Con la implantación de lo que ahora se conoce como el sistema de las municipalidades, crearon sólidas instituciones que en poco tiempo echaron raíces quedando fuertemente cimentadas.

Como lógico era, el sistema de las municipalidades abarcaba tanto la repartición de tierras, como a un criterio de desarrollo urbanístico, e igualmente a la costumbre de coparticipación comunitaria en la toma de decisiones y, también, claro está, a una visión de la cultura que englobaba la educación, la salud, la recreación y el trabajo, todo esto sin dejar de lado las necesarias e imprescindibles relaciones entre las nacientes ciudades, muy celosas de salvaguardar, a toda costa, su autonomía.

Las variaciones que en la práctica se dieron al poner en marcha estos principios generales contenidos, precisamente, en el sistema de las municipalidades, consecuencia serían, en la inmensa mayoría de los casos, del origen y religión predominante de los colonos que se tratara.

El proceso de colonización avanzará, poco a poco, conformándose, una tras otra, las famosas trece colonias británicas que, posteriormente devendrían en los Estados Unidos de Norteamérica.

El camino de consolidación interna de los grupos de colonos residentes en los territorios del Nuevo Mundo, se irá consolidando, al paso de los años, mediante una pluralidad de pactos, tratados y alianzas de claro contenido confederal.

En el proceso de independencia de las trece colonias, jugaría un muy importante papel la ya existente sólida red tejida por una amplia gama de uniones confederadas, la cual abarcaba prácticamente todos los campos de actividad.

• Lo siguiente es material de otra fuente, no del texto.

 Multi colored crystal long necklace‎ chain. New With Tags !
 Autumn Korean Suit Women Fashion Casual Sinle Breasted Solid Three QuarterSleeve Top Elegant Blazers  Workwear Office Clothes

Las trece colonias lograrían su independencia del dominio británico y optarían, para mantener su unión, por la ya ensayada, con excelentes resultados, vía confederal, estableciendo así los Artículos de Confederación, en cuanto primer ordenamiento jurídico común que les diese, además de su cohesión interna, la imprescindible personalidad en el concierto de las naciones del mundo.